# Today's trophy...



## SewerRat (Feb 26, 2011)

Not too impressive, but this little nest paid my wages today...


----------



## JoshJ (May 10, 2012)

Another day, another dollar. Overtime rate?


----------



## phishfood (Nov 18, 2012)

What did you use to remove it? Machine, cable, head?


----------



## damnplumber (Jan 22, 2012)

*I got a nice one today too!*

Thats a nice one Rat! 
I got a good one today as well but no photo to prove it. The roots were growing out from under the toilet that had not been flushable in six months she said. I tried to shove my Vurite in the closet afterwords but the cast iron tee said no. I'm gonna have to be getting a Micro Reel soon!
I keep a bag of copper sulpher in my truck just for jobs like this. This was for a regular customer on a fixed income...I was nice. 1/2 price.


----------



## SewerRat (Feb 26, 2011)

JoshJ said:


> Another day, another dollar. Overtime rate?


We charge overtime rate every day...



phishfood said:


> What did you use to remove it? Machine, cable, head?

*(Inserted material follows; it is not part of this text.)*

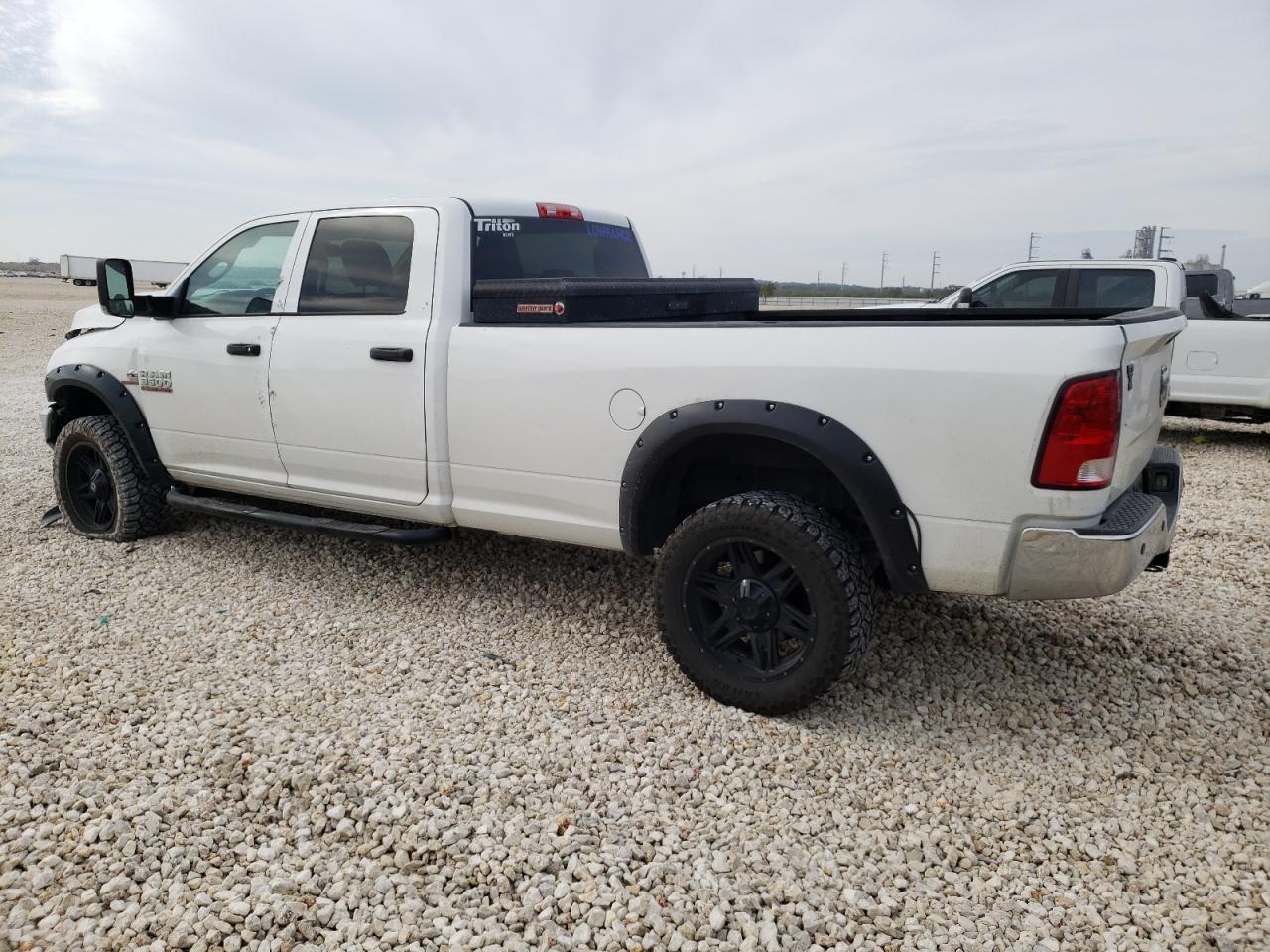 2016 RAM 3500 - Image 2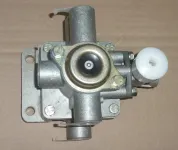 Воздухораспределитель тормозов п/прицепа 2-х пров. Н/О КамАЗ,МАЗ,ЗиЛ, прицепа Multibrand Trailer Universal,MB SK/MK/NG-Series,MAN DAF LCV (1970-2020),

Not very proud of that piece of equipment. It's a General Easy Rooter (rental style) with 3/4 DCD cable. I opened the line and actually snagged the roots with a 2" U-cutter (pic below) and then followed with a 3" version of the same cutter. Couldn't get a larger cutter in the line as it was orangeburg that was no longer round and this root mass came from an offset joint.

Recommended a new sewer.


----------